Kasparov: “Karpov, investigate B-B4; Fischer, consider the Queen sacrifice!”

Karpov: “B-B4 leads to disaster!”

Fischer: “Queen sacrifice looks good.”

Kasparov: “Okay, Karpov investigates the enemy Rook responses; Fischer, what happens if they try to move the pawn?”

etc.

my one bump…

Prize matches against computers are played under a time limit. Under a time limit, I can’t imagine that more people would be helfpul; the distraction and waste of time involved in explaining your thinking to another person would overwhelm the small advantage of having an extra mind.

Given unlimited time, I imagine that two really good heads would be better than one.

Every top-flight grandmaster runs with an entourage to help him. They help research the opponent, innovate lines, and analyze adjourned games. Does that help?

And does adding more people improve the outcome? I suppose access to over a hundred minds could lead to something akin to parallel processing.
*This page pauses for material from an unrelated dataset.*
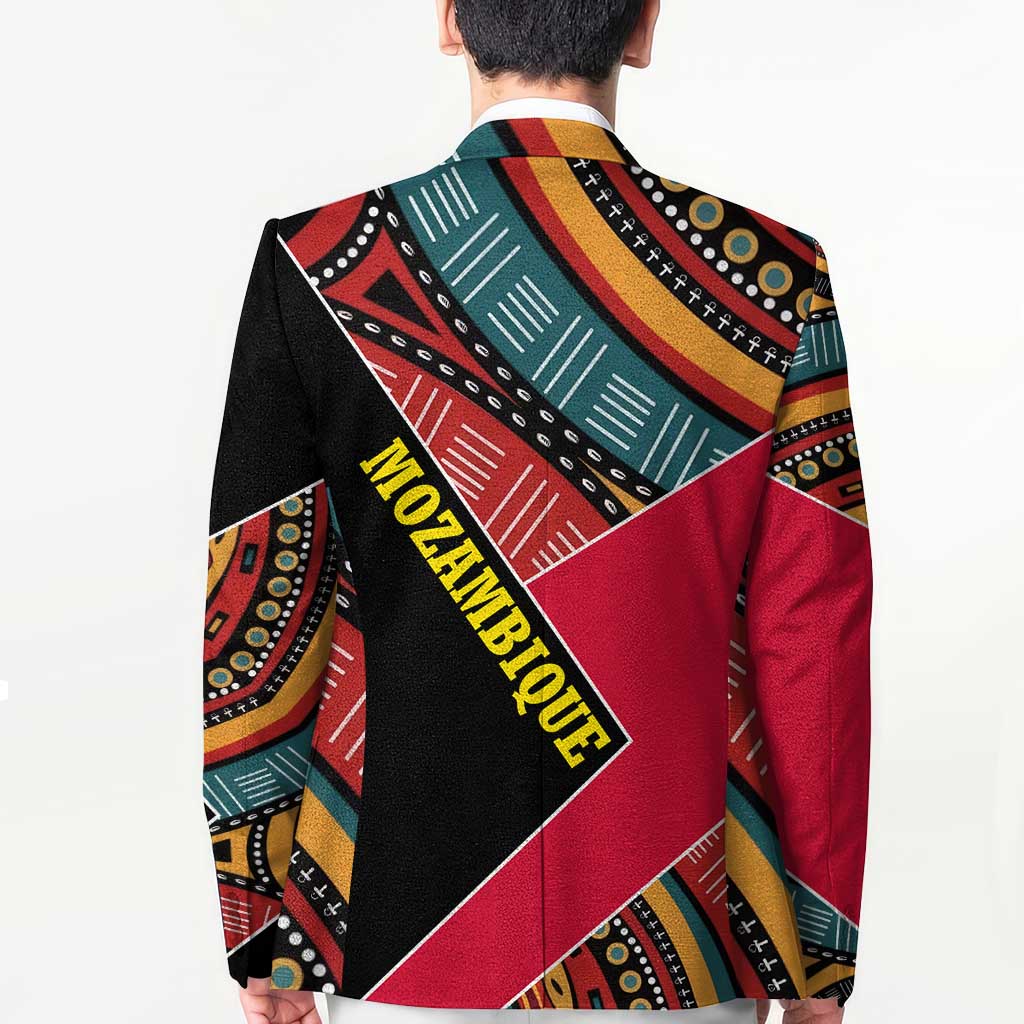 Mozambique Blazer with Red Black Geometric Design and Tribal Pattern - Wonder Print Shop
The Soviets used to do that in tournaments and during match adjournments. Whether it’s better depends on who’s making the final decision.

If humans have a weakness it’s the tendency to blunder unexpectedly. Having extra minds helps with blunder-patrol, right?

But having Bobby Fischer on your team wouldn’t help:

Kasparov: “Fischer, consider the Queen sacrifice!”
Fischer: “The Queen is Jewish! Sacrifice her! And where are my shoes? You’ve stolen my shoes! The knight is plotting against me.”

I have just GOT to see a photo of a chess posse.

Before anyone steals it, “Chess Posse” would indeed be an excellent band name. Dibs.

I love the dope

I think it’d work if there was one main guy, and he rules as dictator over his grandmastermensch. He can assign them roles of playing out certain possibilities, and he can use them as error detectors. He can always overrule or ignore at will, especially if time matters.

Exactly. Otherwise, too many cooks etc.